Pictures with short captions
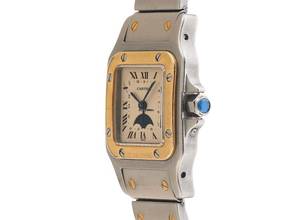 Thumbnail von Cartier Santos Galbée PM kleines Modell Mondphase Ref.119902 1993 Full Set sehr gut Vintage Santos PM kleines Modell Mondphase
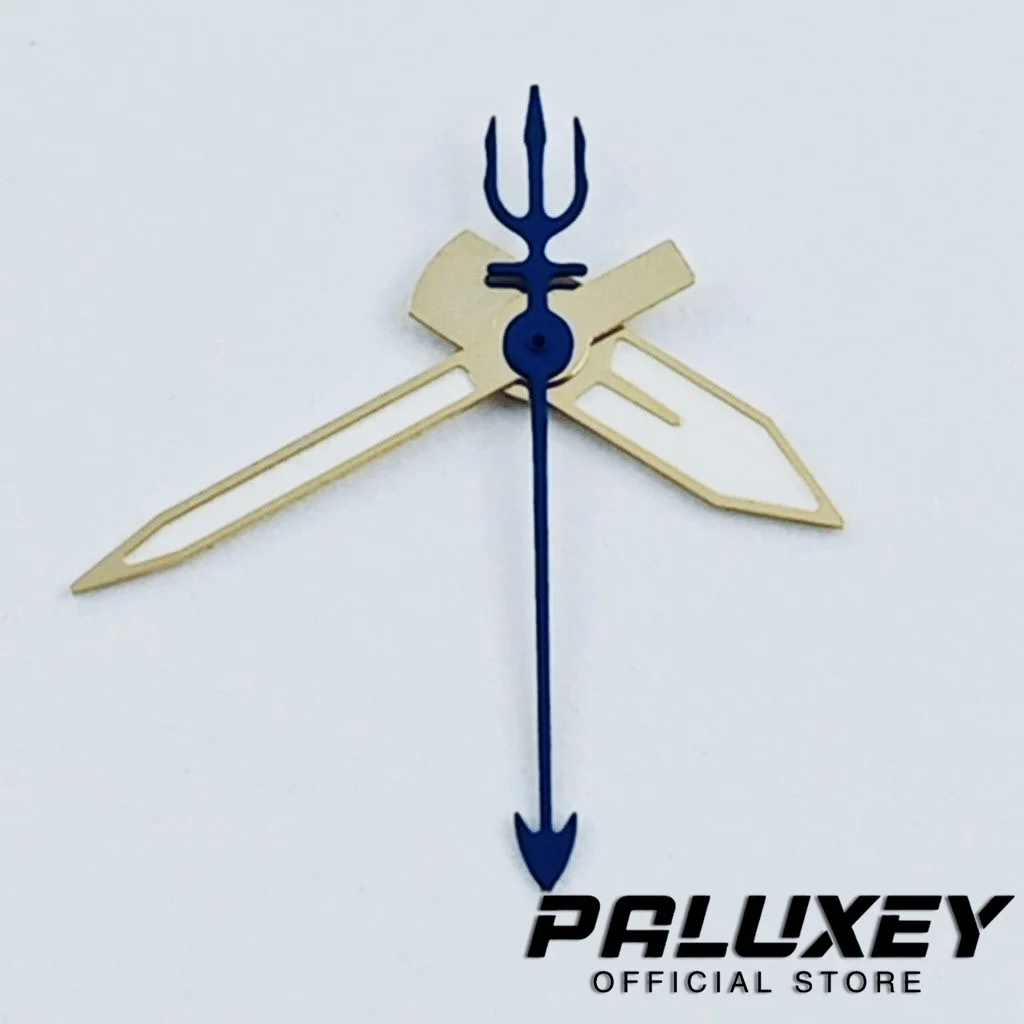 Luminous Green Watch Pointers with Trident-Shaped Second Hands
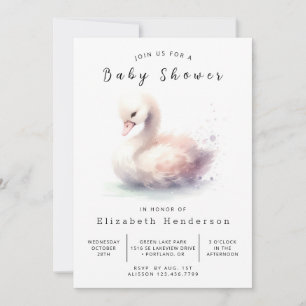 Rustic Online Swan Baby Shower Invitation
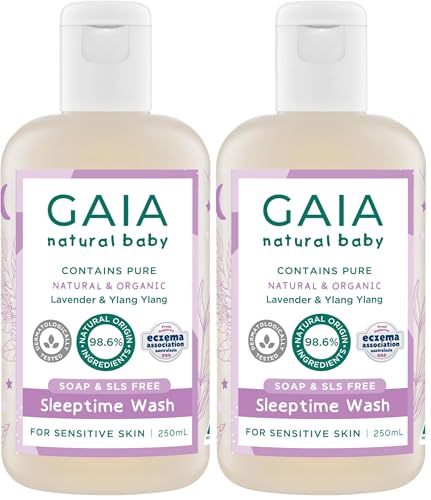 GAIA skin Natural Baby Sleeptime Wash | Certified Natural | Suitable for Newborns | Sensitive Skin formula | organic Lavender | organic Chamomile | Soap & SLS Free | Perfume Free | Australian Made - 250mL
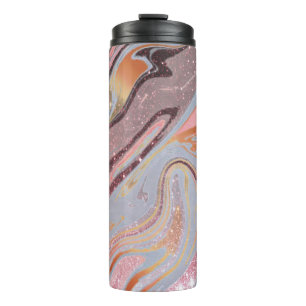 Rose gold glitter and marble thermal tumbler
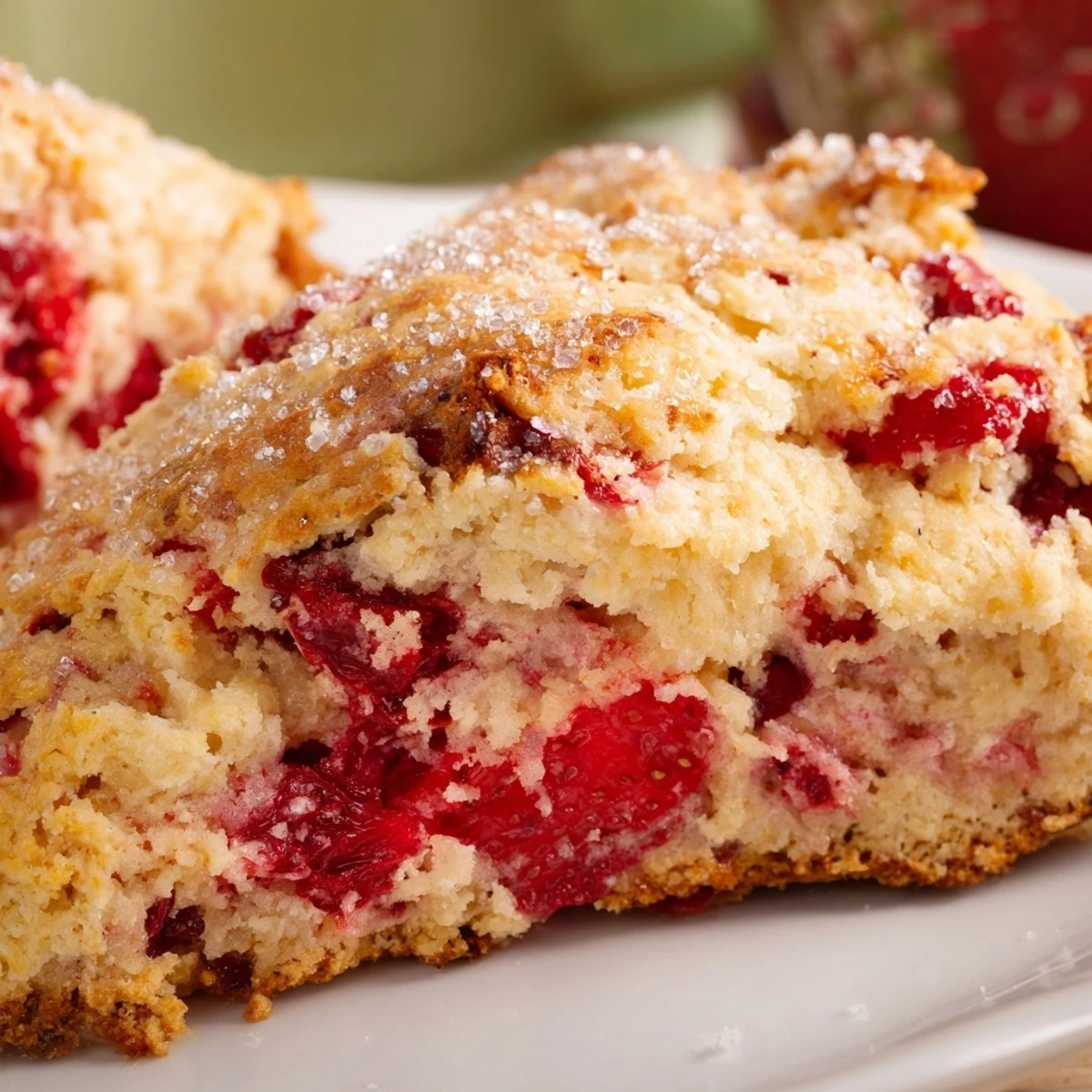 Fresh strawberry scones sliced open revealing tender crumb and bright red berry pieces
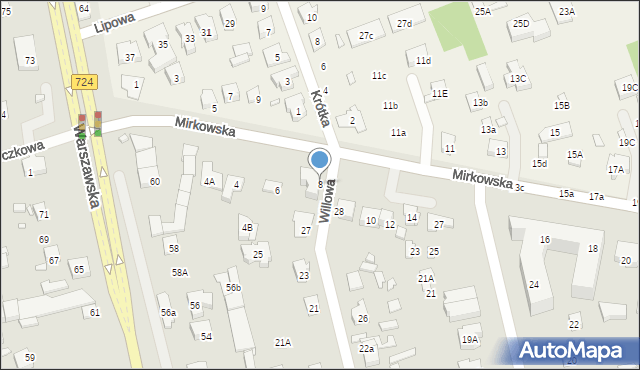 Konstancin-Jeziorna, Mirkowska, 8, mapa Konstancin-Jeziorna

Activity:
Give back all entries exactly. No pictures belong in the copy.

Solution:
 Thumbnail von Cartier Santos Galbée PM kleines Modell Mondphase Ref.119902 1993 Full Set sehr gut Vintage Santos PM kleines Modell Mondphase
 Luminous Green Watch Pointers with Trident-Shaped Second Hands
 Rustic Online Swan Baby Shower Invitation
 GAIA skin Natural Baby Sleeptime Wash | Certified Natural | Suitable for Newborns | Sensitive Skin formula | organic Lavender | organic Chamomile | Soap & SLS Free | Perfume Free | Australian Made - 250mL
 Rose gold glitter and marble thermal tumbler
 Fresh strawberry scones sliced open revealing tender crumb and bright red berry pieces
 Konstancin-Jeziorna, Mirkowska, 8, mapa Konstancin-Jeziorna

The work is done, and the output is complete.